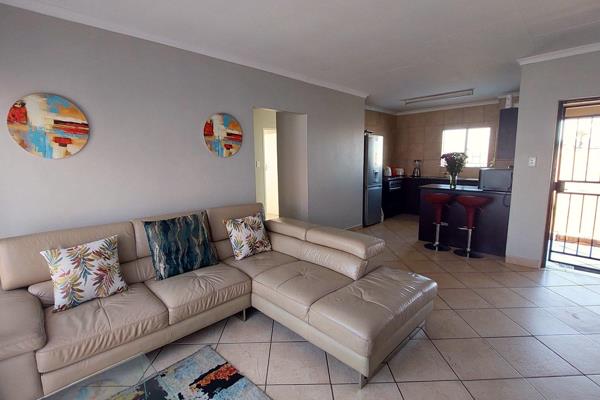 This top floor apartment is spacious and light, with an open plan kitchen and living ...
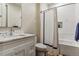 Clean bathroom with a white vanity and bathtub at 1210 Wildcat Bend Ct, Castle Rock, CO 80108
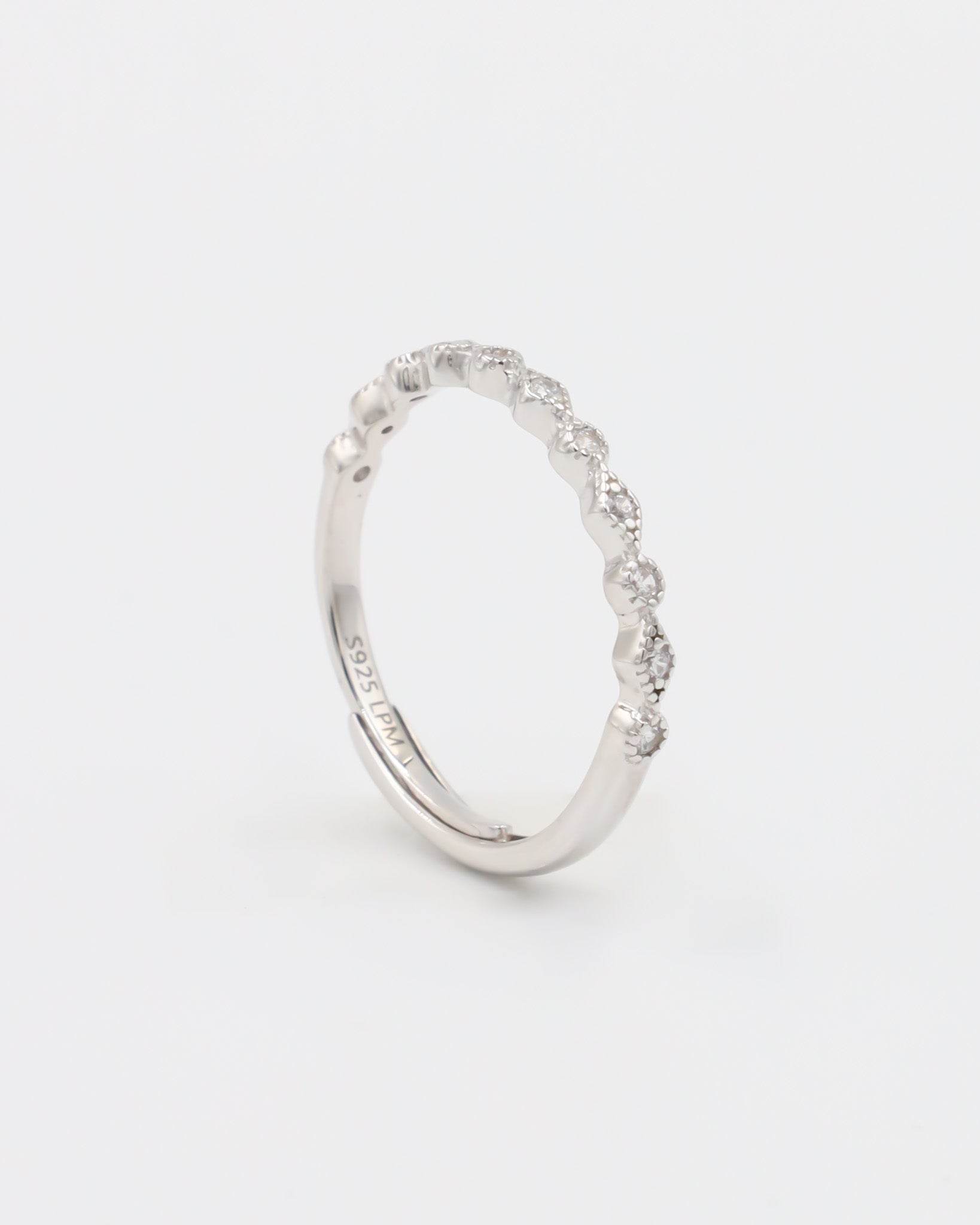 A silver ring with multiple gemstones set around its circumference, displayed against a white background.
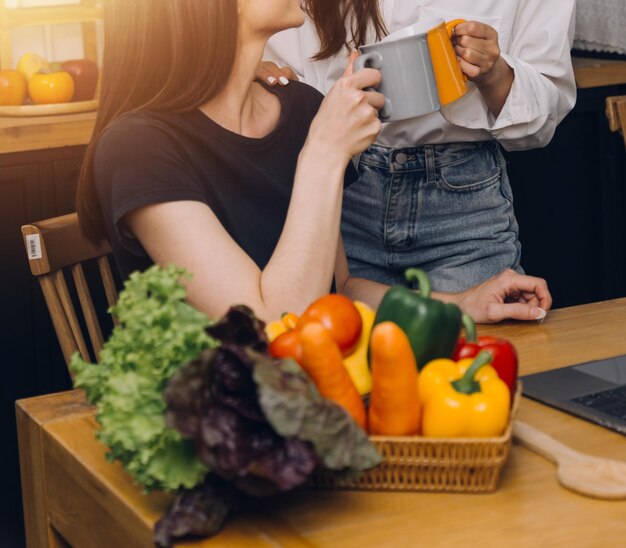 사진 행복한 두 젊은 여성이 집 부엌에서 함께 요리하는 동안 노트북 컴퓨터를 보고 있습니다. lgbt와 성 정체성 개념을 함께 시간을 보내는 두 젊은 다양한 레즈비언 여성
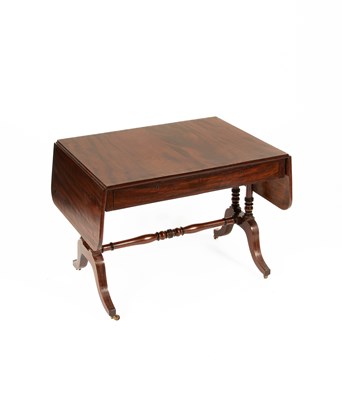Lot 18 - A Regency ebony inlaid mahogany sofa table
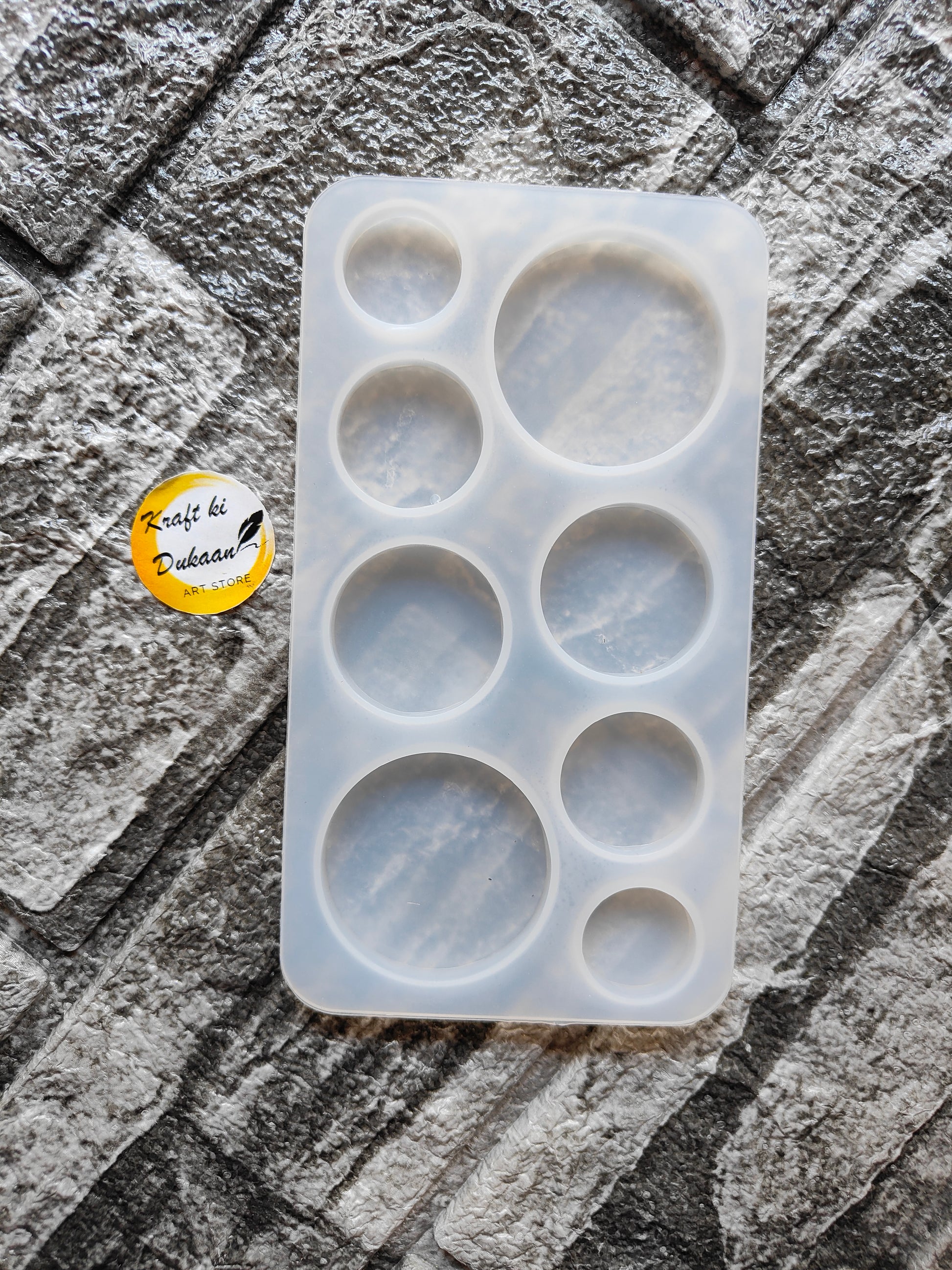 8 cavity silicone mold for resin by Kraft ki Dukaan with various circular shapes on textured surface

==

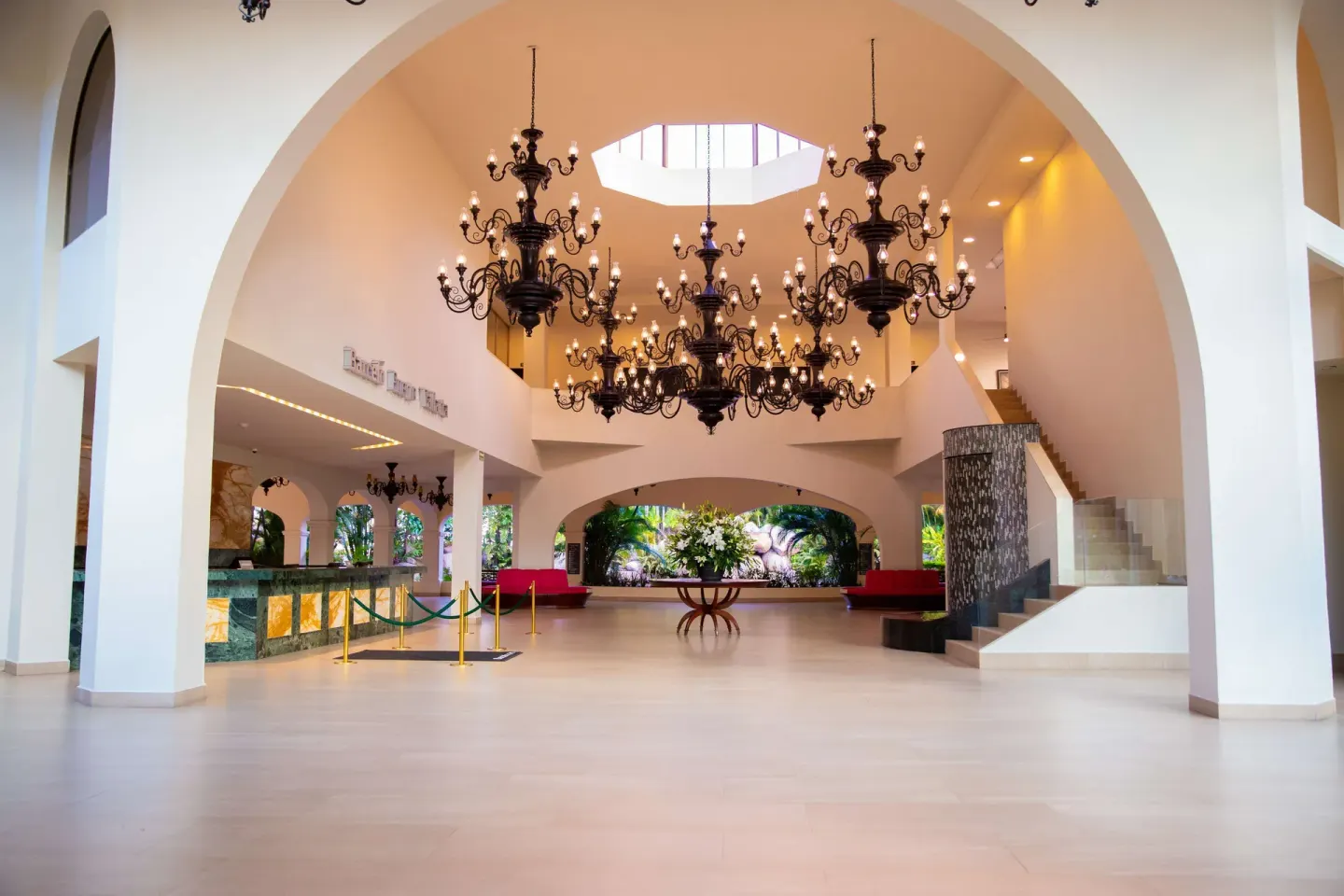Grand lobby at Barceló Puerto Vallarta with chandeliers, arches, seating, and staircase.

:: REQUIREMENT ::
Using the data above, retype exactly and only the lines from the one containing "This top floor" up to and including the one containing "Lot 18 - A Regency", with no pictures carried over.

:: ANSWER BELOW ::
 This top floor apartment is spacious and light, with an open plan kitchen and living ...
 Clean bathroom with a white vanity and bathtub at 1210 Wildcat Bend Ct, Castle Rock, CO 80108
 A silver ring with multiple gemstones set around its circumference, displayed against a white background.
 사진 행복한 두 젊은 여성이 집 부엌에서 함께 요리하는 동안 노트북 컴퓨터를 보고 있습니다. lgbt와 성 정체성 개념을 함께 시간을 보내는 두 젊은 다양한 레즈비언 여성
Lot 18 - A Regency ebony inlaid mahogany sofa table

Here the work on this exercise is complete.